▶ Task prompt: Beneath this line sits some data. Return only its lines from the one holding "Handmade oval Photo" through the one holding "veyonis, waffle, yuna_(veyonis)", inclusive, exactly, with the images removed.

▶ The data:
+++
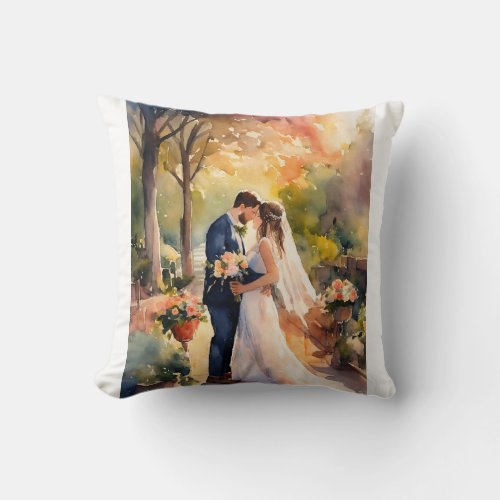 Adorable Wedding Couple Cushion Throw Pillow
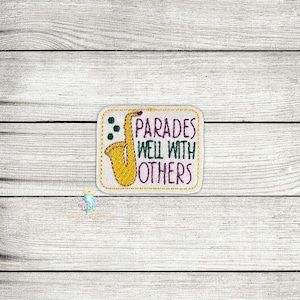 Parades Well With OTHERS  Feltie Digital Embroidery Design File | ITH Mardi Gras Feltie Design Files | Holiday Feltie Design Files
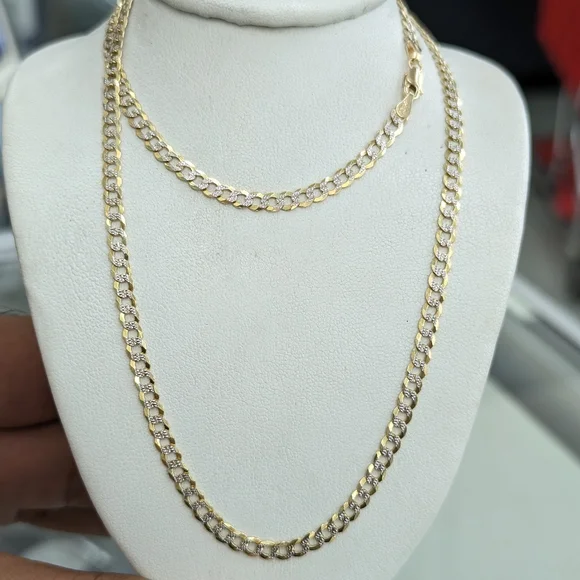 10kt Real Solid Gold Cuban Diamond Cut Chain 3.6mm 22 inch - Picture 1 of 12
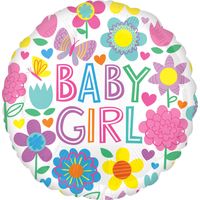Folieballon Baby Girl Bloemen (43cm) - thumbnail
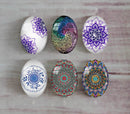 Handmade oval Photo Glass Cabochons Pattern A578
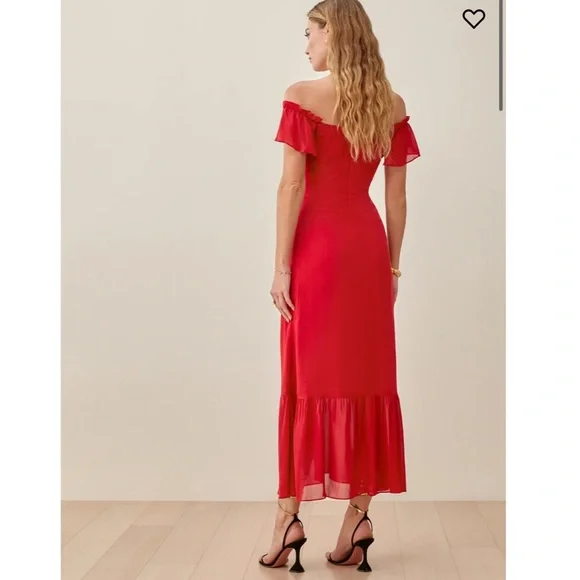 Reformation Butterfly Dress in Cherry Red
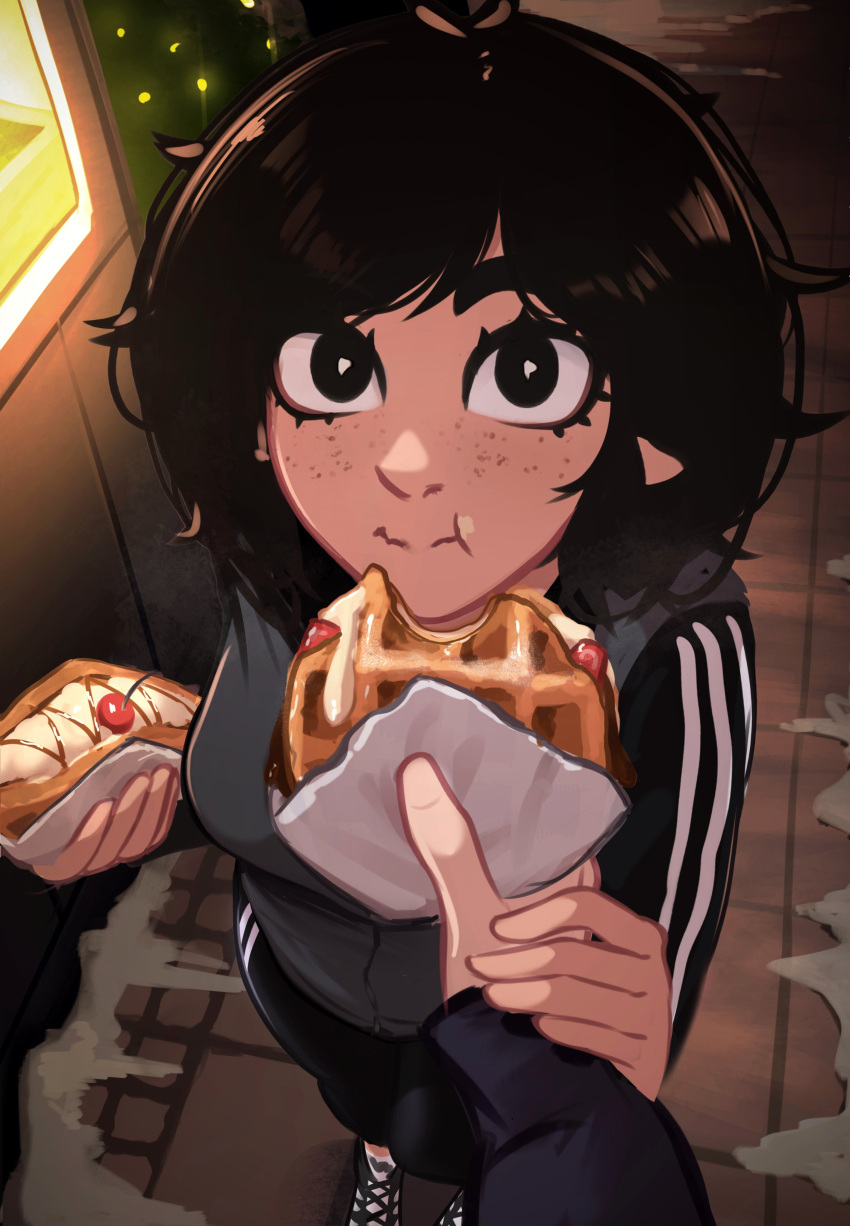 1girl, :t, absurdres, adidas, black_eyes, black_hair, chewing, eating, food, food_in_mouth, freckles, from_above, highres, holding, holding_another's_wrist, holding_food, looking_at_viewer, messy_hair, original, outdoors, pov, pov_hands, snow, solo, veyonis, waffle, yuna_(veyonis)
+++
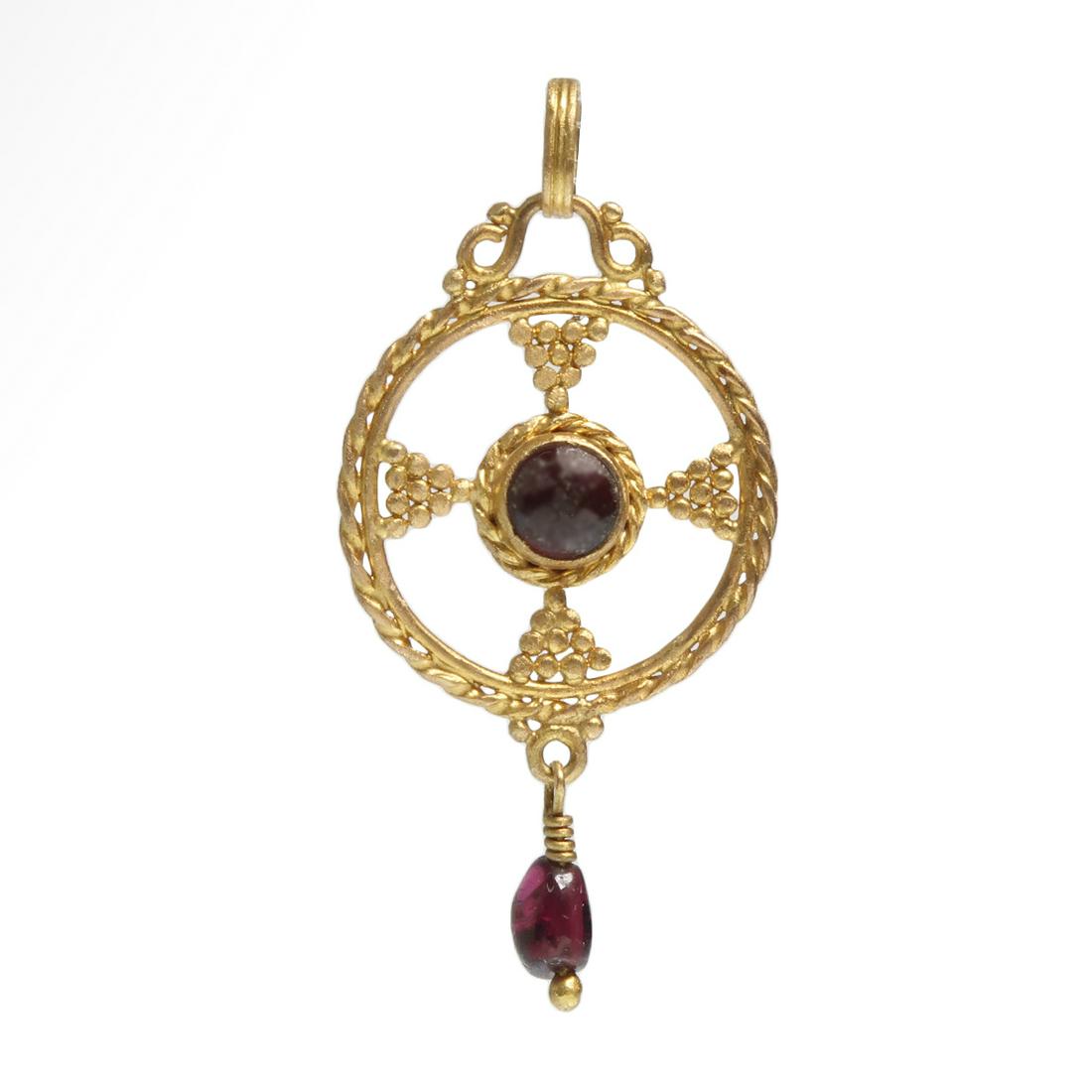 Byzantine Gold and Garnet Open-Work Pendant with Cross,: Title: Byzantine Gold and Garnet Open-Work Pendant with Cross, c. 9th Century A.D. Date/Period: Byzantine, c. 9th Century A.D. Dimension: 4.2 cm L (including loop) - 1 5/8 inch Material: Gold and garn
+++
▶ Task solution:
 Handmade oval Photo Glass Cabochons Pattern A578
 Reformation Butterfly Dress in Cherry Red
 1girl, :t, absurdres, adidas, black_eyes, black_hair, chewing, eating, food, food_in_mouth, freckles, from_above, highres, holding, holding_another's_wrist, holding_food, looking_at_viewer, messy_hair, original, outdoors, pov, pov_hands, snow, solo, veyonis, waffle, yuna_(veyonis)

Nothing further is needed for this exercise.